Las
voces cisma y herejía designan una división grave y duradera del pueblo
cristiano, pero a diferentes niveles de profundidad: el cisma es una
ruptura en la comunión jerárquica; la herejía, una ruptura en la fe
misma.
En
el AT, el contenido intelectual de la fe era demasiado restringido y
estaba demasiado poco elaborado para dejar lugar a la herejía. La
tentación de Israel no era la de “escoger” (hairein) a su guisa en un
cuerpo de doctrinas precisas, sino la de “seguir a otros dioses” (Dt
13,3): apostasía, o 'idolatría. más bien que herejía.
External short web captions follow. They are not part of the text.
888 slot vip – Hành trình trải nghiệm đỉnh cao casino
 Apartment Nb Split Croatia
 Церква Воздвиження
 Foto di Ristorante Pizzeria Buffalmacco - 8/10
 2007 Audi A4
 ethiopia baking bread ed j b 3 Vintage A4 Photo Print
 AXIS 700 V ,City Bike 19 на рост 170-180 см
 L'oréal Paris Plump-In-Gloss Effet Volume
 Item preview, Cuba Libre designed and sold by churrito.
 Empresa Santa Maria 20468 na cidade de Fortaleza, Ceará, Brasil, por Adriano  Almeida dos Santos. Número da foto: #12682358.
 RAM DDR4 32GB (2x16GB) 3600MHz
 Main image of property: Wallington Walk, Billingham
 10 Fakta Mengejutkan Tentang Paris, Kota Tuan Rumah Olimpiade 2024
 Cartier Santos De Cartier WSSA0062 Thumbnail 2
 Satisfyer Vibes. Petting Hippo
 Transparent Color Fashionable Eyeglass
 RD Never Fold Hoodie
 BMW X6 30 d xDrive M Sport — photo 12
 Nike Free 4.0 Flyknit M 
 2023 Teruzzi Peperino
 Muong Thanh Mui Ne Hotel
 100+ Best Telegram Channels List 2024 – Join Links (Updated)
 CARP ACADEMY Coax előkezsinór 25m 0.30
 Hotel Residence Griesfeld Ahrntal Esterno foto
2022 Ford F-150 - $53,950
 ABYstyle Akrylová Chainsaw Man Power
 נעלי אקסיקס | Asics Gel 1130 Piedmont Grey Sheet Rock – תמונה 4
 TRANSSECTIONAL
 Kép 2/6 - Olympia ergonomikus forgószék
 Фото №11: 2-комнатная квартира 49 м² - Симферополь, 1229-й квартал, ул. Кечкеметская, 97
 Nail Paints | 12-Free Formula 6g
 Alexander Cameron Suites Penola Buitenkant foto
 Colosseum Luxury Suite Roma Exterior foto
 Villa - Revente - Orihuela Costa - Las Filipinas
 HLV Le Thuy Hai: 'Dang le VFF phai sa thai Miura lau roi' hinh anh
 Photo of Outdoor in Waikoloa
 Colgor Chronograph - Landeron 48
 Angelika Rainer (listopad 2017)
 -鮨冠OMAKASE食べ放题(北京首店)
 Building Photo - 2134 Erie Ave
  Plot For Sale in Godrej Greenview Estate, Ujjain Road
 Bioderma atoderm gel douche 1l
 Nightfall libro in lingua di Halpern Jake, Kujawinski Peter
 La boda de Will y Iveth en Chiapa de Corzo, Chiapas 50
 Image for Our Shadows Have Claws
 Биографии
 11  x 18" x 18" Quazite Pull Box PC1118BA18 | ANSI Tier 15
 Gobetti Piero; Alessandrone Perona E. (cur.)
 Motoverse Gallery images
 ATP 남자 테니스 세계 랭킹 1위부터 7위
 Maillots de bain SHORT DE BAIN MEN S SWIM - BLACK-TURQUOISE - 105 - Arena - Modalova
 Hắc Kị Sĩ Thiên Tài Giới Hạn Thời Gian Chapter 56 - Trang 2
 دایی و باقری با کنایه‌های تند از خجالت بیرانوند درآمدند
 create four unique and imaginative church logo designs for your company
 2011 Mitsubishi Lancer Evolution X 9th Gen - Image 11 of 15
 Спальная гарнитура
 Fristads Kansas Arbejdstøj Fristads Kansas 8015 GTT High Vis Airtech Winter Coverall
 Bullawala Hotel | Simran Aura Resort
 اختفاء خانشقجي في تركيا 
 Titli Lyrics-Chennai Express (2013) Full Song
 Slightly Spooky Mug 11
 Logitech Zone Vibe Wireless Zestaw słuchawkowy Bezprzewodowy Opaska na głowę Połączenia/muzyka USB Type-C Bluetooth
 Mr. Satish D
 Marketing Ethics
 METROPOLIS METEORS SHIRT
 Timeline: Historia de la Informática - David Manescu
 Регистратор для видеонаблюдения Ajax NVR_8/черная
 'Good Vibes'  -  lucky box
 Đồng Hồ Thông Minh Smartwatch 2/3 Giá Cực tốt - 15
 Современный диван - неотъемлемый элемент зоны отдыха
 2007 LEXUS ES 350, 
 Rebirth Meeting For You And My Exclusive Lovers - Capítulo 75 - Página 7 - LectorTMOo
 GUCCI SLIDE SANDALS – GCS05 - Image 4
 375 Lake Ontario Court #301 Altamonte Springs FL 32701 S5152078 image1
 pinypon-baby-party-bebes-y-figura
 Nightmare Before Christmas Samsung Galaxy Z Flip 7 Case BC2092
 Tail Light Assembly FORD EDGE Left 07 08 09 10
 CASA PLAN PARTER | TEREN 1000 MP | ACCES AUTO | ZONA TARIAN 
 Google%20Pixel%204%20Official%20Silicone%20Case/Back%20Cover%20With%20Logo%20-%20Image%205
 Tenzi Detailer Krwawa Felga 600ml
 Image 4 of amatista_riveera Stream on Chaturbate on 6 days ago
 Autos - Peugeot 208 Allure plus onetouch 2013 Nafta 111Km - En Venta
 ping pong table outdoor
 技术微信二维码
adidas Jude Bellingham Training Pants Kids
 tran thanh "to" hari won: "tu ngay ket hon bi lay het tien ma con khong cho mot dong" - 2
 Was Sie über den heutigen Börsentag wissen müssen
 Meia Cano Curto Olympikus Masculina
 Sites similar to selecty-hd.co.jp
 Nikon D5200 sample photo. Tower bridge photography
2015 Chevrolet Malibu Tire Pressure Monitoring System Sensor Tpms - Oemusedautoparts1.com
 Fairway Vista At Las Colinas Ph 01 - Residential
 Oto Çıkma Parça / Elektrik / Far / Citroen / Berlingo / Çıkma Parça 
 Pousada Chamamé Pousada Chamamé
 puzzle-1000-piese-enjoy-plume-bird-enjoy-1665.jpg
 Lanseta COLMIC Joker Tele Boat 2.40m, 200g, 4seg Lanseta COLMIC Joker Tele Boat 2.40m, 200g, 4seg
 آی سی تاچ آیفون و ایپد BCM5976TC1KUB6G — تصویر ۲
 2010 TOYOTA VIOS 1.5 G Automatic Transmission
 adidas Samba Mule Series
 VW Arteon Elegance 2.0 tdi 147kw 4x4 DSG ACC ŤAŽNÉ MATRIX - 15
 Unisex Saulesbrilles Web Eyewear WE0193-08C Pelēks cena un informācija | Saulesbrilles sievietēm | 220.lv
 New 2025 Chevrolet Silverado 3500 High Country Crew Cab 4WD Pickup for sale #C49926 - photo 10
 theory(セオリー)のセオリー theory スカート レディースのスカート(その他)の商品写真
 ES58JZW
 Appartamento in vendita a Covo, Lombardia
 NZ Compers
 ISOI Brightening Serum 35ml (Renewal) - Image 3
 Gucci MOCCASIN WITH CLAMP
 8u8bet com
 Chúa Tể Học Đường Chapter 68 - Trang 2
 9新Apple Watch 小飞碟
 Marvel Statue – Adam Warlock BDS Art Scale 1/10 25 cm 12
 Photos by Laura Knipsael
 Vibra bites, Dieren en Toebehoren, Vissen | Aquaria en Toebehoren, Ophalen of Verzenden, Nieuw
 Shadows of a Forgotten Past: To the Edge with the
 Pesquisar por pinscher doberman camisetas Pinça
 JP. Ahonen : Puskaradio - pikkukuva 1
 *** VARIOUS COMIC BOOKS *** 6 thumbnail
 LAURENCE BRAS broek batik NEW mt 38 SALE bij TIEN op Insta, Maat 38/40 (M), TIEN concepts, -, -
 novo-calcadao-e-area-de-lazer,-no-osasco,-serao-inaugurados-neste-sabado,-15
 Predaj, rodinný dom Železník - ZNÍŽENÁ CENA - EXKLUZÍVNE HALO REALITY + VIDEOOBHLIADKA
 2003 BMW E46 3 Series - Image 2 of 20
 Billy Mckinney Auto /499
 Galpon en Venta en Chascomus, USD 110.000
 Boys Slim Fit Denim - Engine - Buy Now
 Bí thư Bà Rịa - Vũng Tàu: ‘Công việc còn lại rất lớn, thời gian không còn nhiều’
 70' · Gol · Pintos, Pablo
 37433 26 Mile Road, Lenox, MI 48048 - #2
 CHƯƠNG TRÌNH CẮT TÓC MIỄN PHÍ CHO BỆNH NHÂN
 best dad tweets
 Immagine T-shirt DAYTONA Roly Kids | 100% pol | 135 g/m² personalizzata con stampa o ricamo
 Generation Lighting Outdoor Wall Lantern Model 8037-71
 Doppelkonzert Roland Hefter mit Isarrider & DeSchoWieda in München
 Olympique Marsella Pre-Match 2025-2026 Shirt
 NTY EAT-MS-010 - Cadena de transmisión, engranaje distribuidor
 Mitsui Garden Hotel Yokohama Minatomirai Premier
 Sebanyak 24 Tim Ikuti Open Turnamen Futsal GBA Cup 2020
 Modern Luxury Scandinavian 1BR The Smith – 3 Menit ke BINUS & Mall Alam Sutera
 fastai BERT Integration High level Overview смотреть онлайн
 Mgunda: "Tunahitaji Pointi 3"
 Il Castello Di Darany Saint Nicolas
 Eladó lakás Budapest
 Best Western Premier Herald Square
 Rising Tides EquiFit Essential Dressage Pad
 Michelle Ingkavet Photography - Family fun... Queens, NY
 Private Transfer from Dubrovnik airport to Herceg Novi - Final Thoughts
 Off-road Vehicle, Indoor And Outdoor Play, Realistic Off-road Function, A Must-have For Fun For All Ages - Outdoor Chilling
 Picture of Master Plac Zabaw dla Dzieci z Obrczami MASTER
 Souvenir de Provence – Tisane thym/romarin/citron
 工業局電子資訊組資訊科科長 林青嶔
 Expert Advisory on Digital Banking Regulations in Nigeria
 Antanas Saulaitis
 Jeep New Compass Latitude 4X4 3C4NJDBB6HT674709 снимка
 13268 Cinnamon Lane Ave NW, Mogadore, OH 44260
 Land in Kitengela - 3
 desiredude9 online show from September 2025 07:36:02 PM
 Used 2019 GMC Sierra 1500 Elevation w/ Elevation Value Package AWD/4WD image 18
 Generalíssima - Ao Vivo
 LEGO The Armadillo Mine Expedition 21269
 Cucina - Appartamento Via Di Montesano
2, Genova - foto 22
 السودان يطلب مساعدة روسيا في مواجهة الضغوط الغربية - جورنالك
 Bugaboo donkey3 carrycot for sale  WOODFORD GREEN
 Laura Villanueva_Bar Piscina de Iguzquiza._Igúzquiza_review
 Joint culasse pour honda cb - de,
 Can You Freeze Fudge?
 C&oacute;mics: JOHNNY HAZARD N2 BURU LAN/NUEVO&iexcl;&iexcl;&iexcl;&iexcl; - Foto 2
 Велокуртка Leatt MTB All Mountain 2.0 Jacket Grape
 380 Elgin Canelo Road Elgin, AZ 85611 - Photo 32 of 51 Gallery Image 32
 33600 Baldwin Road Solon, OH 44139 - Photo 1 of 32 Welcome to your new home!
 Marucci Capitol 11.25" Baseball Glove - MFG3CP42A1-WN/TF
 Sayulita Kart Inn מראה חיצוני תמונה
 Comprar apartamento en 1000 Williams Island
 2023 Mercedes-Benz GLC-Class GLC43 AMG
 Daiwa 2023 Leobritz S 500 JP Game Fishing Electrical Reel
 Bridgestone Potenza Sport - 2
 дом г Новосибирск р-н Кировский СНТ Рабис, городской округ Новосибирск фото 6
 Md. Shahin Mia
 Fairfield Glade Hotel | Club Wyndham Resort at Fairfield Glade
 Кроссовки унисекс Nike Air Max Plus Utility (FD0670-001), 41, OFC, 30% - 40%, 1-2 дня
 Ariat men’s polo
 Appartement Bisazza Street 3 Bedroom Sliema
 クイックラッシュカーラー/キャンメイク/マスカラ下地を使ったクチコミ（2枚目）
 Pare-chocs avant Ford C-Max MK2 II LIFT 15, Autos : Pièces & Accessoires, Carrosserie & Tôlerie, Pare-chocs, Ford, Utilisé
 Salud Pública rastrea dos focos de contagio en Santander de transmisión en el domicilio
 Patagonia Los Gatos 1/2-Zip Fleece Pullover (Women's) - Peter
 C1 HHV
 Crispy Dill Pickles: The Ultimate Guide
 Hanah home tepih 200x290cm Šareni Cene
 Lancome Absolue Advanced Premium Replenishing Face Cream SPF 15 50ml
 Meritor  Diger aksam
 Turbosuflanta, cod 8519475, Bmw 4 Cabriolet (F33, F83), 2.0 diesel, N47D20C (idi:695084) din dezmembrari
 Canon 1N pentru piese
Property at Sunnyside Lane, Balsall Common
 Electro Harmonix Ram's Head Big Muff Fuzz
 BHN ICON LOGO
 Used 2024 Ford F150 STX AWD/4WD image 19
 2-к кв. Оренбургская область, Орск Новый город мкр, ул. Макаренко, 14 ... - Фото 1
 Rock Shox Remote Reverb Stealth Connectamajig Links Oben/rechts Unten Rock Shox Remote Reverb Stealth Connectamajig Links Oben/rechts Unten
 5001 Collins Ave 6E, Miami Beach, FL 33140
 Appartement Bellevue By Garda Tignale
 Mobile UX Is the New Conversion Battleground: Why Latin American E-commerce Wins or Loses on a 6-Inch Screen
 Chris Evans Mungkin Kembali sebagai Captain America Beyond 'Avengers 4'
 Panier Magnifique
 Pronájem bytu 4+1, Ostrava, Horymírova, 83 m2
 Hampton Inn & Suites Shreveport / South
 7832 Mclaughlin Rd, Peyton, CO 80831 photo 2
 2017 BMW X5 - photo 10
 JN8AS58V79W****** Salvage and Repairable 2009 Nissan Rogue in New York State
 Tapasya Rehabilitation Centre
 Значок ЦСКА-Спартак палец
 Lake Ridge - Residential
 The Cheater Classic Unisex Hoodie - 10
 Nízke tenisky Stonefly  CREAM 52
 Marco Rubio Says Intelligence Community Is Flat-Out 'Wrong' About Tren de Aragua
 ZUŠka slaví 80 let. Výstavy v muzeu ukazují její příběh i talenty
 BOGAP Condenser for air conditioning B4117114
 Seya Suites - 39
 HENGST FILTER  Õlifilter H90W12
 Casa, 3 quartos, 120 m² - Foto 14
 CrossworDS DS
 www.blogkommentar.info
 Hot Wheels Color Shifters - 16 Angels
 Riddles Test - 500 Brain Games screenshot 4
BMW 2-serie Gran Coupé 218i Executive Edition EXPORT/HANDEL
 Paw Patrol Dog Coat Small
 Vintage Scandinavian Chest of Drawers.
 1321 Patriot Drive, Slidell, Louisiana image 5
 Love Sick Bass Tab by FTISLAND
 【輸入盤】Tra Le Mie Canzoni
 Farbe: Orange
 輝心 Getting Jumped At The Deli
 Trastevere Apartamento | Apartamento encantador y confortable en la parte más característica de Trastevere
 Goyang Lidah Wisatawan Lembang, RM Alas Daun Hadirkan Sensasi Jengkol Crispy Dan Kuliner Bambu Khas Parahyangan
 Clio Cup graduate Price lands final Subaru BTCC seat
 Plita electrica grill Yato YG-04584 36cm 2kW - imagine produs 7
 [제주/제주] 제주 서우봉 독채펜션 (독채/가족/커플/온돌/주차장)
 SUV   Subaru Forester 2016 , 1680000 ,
Los seductores y
sus adeptos, desviándose lejos de Yahveh, único Dios y salvador de
Israel, no rompían la unidad del pueblo santo, pero se condenaban a ser
segregados de él (Dt 13,6).
El
sentido fuerte de la palabra “herejía” no aparece sino en ciertos
escritos tardíos del NT (2Pe 2,1; Tit 3,10). Para Pablo, las haireseis
de 1Cor 11,19 son apenas diferentes de los skhismata del v. 18. Sin
embargo, es probable una cierta gradación: los desgarramientos
(skhismata) de la comunidad tienden a cristalizar en verdaderos partidos
o sectas (haireseis) rivales, con sus teorías particulares, como existen
en el judaísmo: saduceos (Hech 5,17), fariseos (15,5; 26,5), nazareos
(24,5.14; 28,22), o en el mundo griego con sus escuelas de rétores
(llamadas también haireseis).
La
Iglesia conoció, pues, con respecto a los errores doctrinales, dos
situaciones diferentes. Su unidad fue primero amenazada por la crisis
judaizante. Más tarde, algunos se apartaron de la fe en Cristo (1Jn
4,3), algunos “que no son verdaderamente de los nuestros” (2,19), a la
manera de los discípulos que en Cafarnaúm se habían negado a creer en
Jesús (Jn 6,36.64) y se habían alejado (v. 66).